Traditionally, HRRP denoising is implemented prior to feature extraction, and typical denoising methods include least mean square (LMS) [
34,
35], recursive least square (RLS) [
36], and eigen subspace techniques [
37], etc. Such techniques, however, rely heavily on domain expertise and fail to estimate the model-order (i.e., the number of signal components) accurately with low SNR. Recently, the generative adversarial network (
GAN) has been introduced as a novel way to train a generative model, which could learn the complex distributions through the adversarial training between the generator and the discriminator [
38]. Currently,
GAN has been successfully applied to data generation [
39,
40], image conversion and classification [
41,
42], speech enhancement [
43] and so on, which provides an effective way to blind HRRP denoising.

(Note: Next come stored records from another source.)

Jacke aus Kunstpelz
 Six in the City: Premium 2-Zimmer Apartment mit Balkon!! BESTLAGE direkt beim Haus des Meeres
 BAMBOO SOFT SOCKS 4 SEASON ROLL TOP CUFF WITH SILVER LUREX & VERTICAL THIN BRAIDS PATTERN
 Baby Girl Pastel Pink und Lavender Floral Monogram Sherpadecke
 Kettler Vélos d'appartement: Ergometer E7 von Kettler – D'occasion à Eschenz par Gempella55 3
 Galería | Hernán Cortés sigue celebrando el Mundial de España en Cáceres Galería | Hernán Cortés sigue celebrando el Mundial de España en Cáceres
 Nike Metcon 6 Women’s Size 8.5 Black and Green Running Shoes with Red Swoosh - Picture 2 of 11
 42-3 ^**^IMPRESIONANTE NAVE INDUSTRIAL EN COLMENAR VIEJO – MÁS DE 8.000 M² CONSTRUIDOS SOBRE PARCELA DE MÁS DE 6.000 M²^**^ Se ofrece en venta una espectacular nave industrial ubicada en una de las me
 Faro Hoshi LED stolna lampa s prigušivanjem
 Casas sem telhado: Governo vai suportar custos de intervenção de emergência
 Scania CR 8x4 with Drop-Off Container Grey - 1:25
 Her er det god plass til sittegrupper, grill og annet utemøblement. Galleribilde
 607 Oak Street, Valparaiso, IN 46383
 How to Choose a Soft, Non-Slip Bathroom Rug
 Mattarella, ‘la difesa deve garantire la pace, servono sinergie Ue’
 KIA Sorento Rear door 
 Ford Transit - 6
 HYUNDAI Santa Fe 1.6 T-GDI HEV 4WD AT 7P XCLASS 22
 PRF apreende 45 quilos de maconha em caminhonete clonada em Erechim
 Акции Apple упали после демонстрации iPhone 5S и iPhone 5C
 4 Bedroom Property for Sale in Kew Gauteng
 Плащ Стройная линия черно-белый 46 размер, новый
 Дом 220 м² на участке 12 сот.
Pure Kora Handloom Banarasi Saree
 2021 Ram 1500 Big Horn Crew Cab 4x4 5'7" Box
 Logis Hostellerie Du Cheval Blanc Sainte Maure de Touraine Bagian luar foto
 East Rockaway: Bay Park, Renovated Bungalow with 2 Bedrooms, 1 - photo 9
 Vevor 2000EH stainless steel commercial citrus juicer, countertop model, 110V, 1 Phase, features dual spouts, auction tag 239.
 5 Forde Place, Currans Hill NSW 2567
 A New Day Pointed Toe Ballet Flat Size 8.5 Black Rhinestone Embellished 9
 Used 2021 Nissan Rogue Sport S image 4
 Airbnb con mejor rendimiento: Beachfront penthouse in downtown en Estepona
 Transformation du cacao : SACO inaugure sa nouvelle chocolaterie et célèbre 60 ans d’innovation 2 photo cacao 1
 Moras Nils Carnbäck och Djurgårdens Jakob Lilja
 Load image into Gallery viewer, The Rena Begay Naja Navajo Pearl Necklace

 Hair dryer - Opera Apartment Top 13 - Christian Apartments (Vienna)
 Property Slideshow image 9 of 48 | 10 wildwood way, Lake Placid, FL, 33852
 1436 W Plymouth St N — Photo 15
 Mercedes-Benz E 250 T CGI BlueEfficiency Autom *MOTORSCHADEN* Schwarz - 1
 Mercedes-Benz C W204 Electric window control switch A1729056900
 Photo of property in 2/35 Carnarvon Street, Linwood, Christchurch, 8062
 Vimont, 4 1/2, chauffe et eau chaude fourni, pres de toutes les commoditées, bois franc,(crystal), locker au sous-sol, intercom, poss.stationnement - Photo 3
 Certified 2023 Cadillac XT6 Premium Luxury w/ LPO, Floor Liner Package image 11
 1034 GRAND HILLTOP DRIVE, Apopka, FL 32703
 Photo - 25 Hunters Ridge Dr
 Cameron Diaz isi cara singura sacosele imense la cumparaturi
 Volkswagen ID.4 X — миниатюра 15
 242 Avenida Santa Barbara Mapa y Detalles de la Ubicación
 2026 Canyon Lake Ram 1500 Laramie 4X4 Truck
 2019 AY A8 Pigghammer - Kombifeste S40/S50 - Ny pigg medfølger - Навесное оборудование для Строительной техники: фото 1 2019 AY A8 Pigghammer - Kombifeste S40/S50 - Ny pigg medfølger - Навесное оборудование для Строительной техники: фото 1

In a nutshell, the separated HRRP denoising and recognition processes, the inability to distinguish the contribution of the target regions and noisy regions during the feature extraction process, the incompetence in long-term/global dependency acquisition hinder effective recognition of the noisy HRRP. Specifically, the output of the classifier cannot be fed back to the denoising process, thus significant signal components may be suppressed during denoising. Meanwhile, the different intensity information of each component of the HRRP cannot be effectively utilized in the identification process. Therefore, it is natural to integrate the tasks of denoising and recognition through elaborately deigned deep architectures, under the guidance of proper loss.
Aiming at the above issues, this paper proposes the integrated denoising and recognition network, namely, IDR-Net, to achieve effective HRRP denoising and recognition. The network consists of two modules, i.e., the denoising module and the recognition module. Specifically, the generator in the denoising module maps the noisy HRRP to the denoised one after adversarial training, which is then fed into the attention-augmented recognition module to output the target label. In particular, a new hybrid loss function is used to guide the denoising of HRRP. The main contributions of this paper include the following: (a) To tackle the issue that separated HRRP denoising and recognition hinder end-to-end training and may suppress signal components that are significant for recognition, an integrated denoising and recognition model, i.e., the IDR-Net is designed, denoising the low SNR HRRP through the denoising module and outputs the category label through the recognition module. To the best of our knowledge, our method integrates denoising and recognition for the first time, realizing end-to-end training, and achieving better recognition performance. (b) To tackle the issue of long-term and global dependency acquisition of HRRP, the recognition module adopts the attention-augmented temporal encoder with parallelized and global sequential feature extraction. In particular, the attention score is generated with emphasis on the important input data to weight the feature vector and facilitate recognition. (c) Propose a new hybrid loss, and for the first time in the recognition of HRRP using such a combination of denoising loss and classification loss as loss function. By these means, the recognition module is integrated with the generator, thereby reducing the information loss during denoising, and enhancing the inter-class dissimilarity.
The remainder of this paper is organized as follows:
Section 2 discusses the related work, including the modelling of HRRP and the basic principles of
GAN.
Section 3 provides the detailed structure of the proposed IDR-Net.
Section 4 presents the data set and experimental results with detailed analysis. Finally,
Section 5 concludes this paper and discusses the future work.